Wednesday 1 February 2012

John’s Blog No. 59b – Comment

It is now a month since we entered the New Year and little has changed on possible good intentions
Executive Pay and Bonuses – are still unresolved with mind staggering figures being quoted. In a responsible Society it somehow seems obscene that someone can earn in a year what a person on average wage needs a lifetime to achieve.
The present Century has seen an escalation in Executive and Management pay to levels unprecedented in earlier years and out of all proportion to normal wages and work justification. It is argued as a matter of worth to our leaders of Industry, major Institutions and Local Councils, but what worth and at what cost.
The average wage in the UK is currently £25,800 per year, is this management worth four, six or even ten times those who work hard in the business and help to create that wealth. Even these factors do not approach the 40 to 200 times the average wage that these people assess themselves at.
Many of the worst offenders in the Financial Industry run no more than a large casino gambling our money and livelihood away, others ruin perfectly good businesses by denying working capital or asset stripping. Yet the basic financiers, the shareholders who take the risk, see their money disappear in falling share prices as a result of these astute management efforts.

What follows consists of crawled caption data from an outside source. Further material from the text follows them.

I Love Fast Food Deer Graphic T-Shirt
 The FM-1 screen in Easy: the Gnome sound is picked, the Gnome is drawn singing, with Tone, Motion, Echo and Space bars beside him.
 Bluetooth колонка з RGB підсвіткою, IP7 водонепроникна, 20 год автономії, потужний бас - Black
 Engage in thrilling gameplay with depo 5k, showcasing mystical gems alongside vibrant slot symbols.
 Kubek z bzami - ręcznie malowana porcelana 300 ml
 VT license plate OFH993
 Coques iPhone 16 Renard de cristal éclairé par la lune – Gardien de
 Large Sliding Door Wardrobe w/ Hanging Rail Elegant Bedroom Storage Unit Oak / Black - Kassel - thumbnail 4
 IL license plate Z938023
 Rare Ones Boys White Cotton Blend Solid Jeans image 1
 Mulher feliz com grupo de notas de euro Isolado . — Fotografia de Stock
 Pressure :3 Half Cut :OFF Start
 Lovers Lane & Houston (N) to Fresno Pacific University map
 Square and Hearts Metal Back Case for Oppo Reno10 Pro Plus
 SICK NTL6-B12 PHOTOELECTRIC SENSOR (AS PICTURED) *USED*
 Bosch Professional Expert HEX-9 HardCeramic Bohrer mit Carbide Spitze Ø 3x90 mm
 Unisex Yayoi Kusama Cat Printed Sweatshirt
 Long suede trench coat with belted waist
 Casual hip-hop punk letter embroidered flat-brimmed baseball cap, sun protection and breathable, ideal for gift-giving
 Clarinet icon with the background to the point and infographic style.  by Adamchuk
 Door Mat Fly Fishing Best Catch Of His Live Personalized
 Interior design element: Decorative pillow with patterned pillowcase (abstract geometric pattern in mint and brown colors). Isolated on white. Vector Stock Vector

Benefit Control – on the other end of the scale, we see a very similar position amongst a large number of those on benefit. Both Houses are arguing over a benefit cap, needed to control the runaway costs, yet this is intended to encourage a return to work, but is set at a level above the average wage!
 A person on the average wage will pay tax and NI amounting to some £5,600 and will have work costs, pension contributions, etc., which will bring take home pay below £19,000. Yet there are no proposals in the £26,000 benefit cap that include tax or NI deductions, making recipients some £7,000 per year better off not working.
At the other end of the scale, pensioners are expected to live on £5,300 or £8,400 if a couple. The minimum the State says a person needs to live on is set at £6,600  and even if we apply these more generous levels, allowing for children we arrive at benefit cap levels below £14,000, giving adequate income and leaving incentive to work.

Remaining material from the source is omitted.